Goal of the exercise: Whenever a picture appears, leave it out while repeating all the other data exactly.

Recorded information:
----------
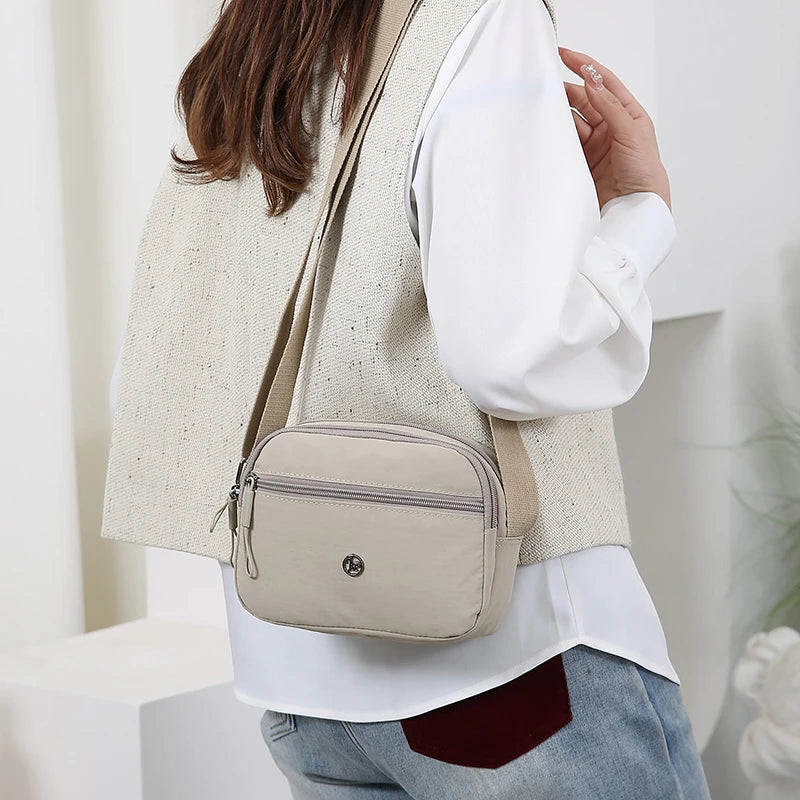 A woman is wearing a beige sleeveless vest and a light-colored shirt, carrying a beige nylon crossbody bag.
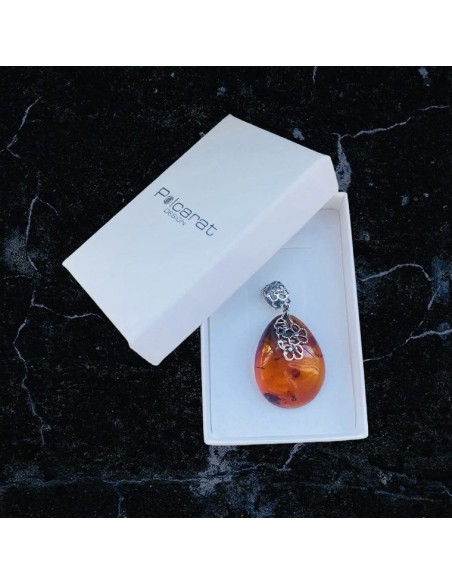 Unique amber pendant wrapped in silver flowers BW 112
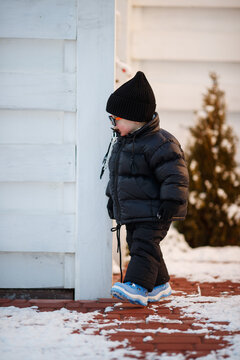 Joyful curious and independent toddler kid walks along the path in the winter forest. A little boy in warm overalls and a hat enjoys a walk in the winter snowy forest during winter holidays.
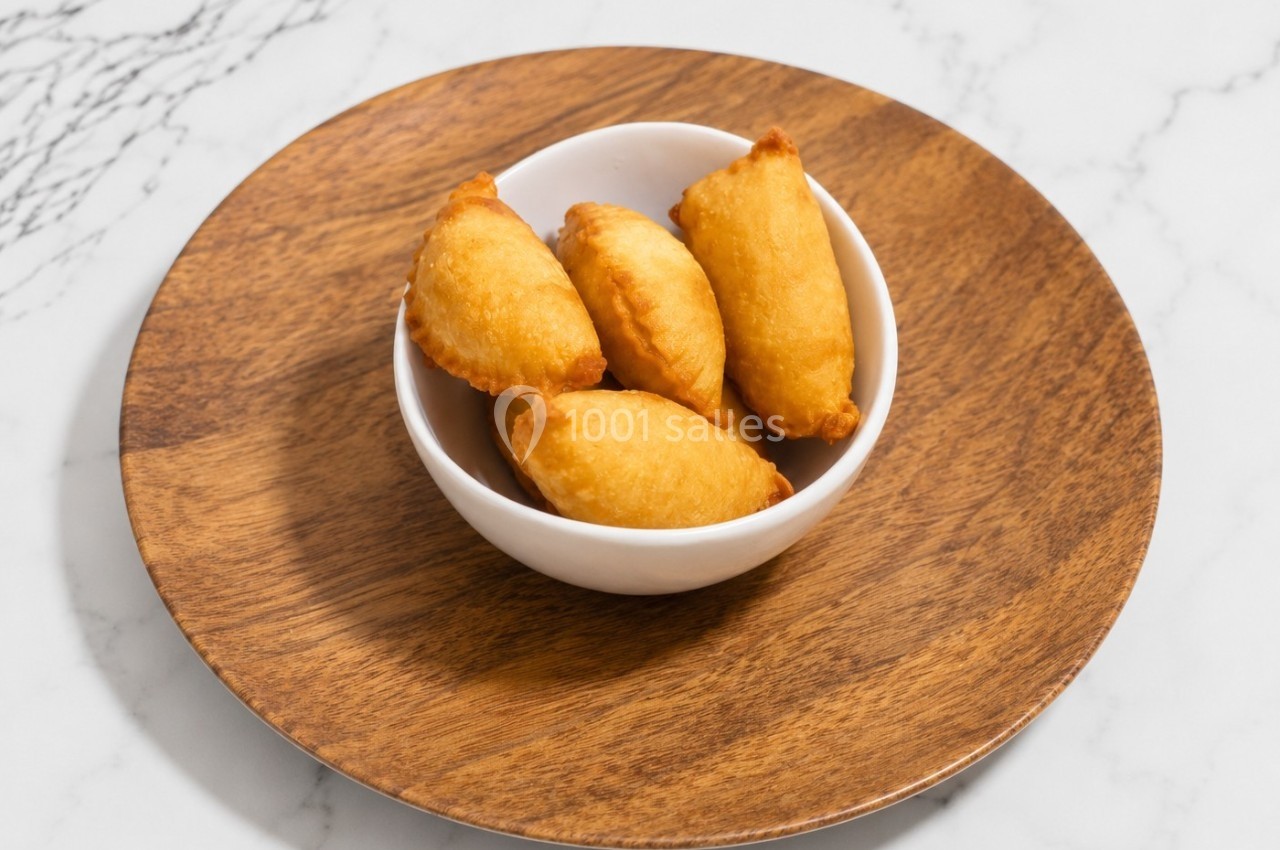 Assiette en bois contenant un bol blanc rempli de petits beignets dorés, posée sur une table en marbre.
----------
Finished task:
 A woman is wearing a beige sleeveless vest and a light-colored shirt, carrying a beige nylon crossbody bag.
 Unique amber pendant wrapped in silver flowers BW 112
 Joyful curious and independent toddler kid walks along the path in the winter forest. A little boy in warm overalls and a hat enjoys a walk in the winter snowy forest during winter holidays.
 Assiette en bois contenant un bol blanc rempli de petits beignets dorés, posée sur une table en marbre.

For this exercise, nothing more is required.